Lucien, Œuvres complètes. – Textes introduits, traduits et annotés par de A.M. Ozanam. – Paris : Les Belles Lettres, 2018. – XLIV+1394 p. : bibliogr., index. – (Editio minor, ISSN : 2471.7004 ; 4). – ISBN : 978.2.251.44801.5.

Un monument ! On ne voit pas d’autre terme pour désigner l’édition par Anne-Marie Ozanam des Œuvres complètes de Lucien. 1400 pages,, une longue, riche, érudite introduction générale, une présentation pour chaque œuvre, d’abondantes notes en bas de page qui rendent la lecture plus facile, un glossaire, une bibliographie quasi exhaustive, sans oublier que la traduction est due à l’éditrice, professeur de latin et de grec en première supérieure et qui a déjà publié aux Belles Lettres des traduction d’auteurs grecs et latins, dont celle des Voyages extraordinaires (avec Jacques Bompaire) dans la collection Classiques de poche, n°90. Sans oublier celle des Vies Parallèles de Plutarque, chez Gallimard.

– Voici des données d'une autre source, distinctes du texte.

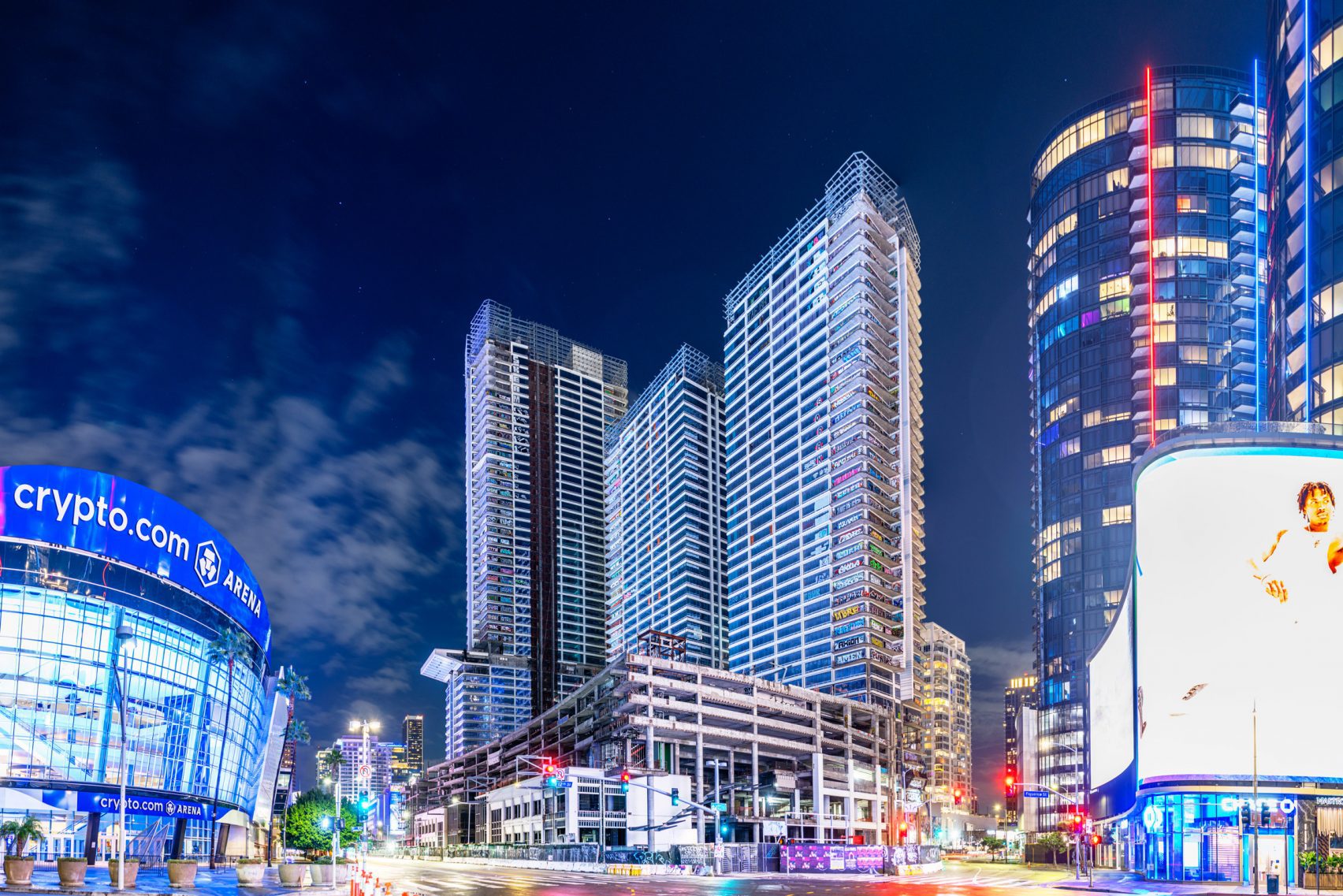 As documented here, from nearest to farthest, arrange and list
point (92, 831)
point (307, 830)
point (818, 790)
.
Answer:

On connaît de Lucien quelques textes restés célèbres, en fait il en a écrits 78, plus ou moins longs, de plusieurs genres. On laissera au lecteur le plaisir de les découvrir, de prendre plaisir à retrouver chez l’auteur les jeux du mensonge et de la réalité, ses talents d’orateur, sa connaissance de la culture grecque, ses dons d’imitation, son ironie, souvent grinçante, la satire des institutions et des systèmes philosophiques, sa défiance à l’égard des religions, la traditionnelle et les cultes introduits au IIe siècle, sa morale souriante, son goût des voyages, réels ou imaginaires, son sens du burlesque, son talent pour provoquer le rire. La préface de 42 pages est là pour l’aider à découvrir cet immense continent littéraire qu’il n’est pas pensable – à moins d’en faire une paraphrase inutile- d’analyser ici les détails de l’ensemble. Tout est déjà chez A.M. Ozanam ! On voudrait simplement attirer l’attention sur quelques points.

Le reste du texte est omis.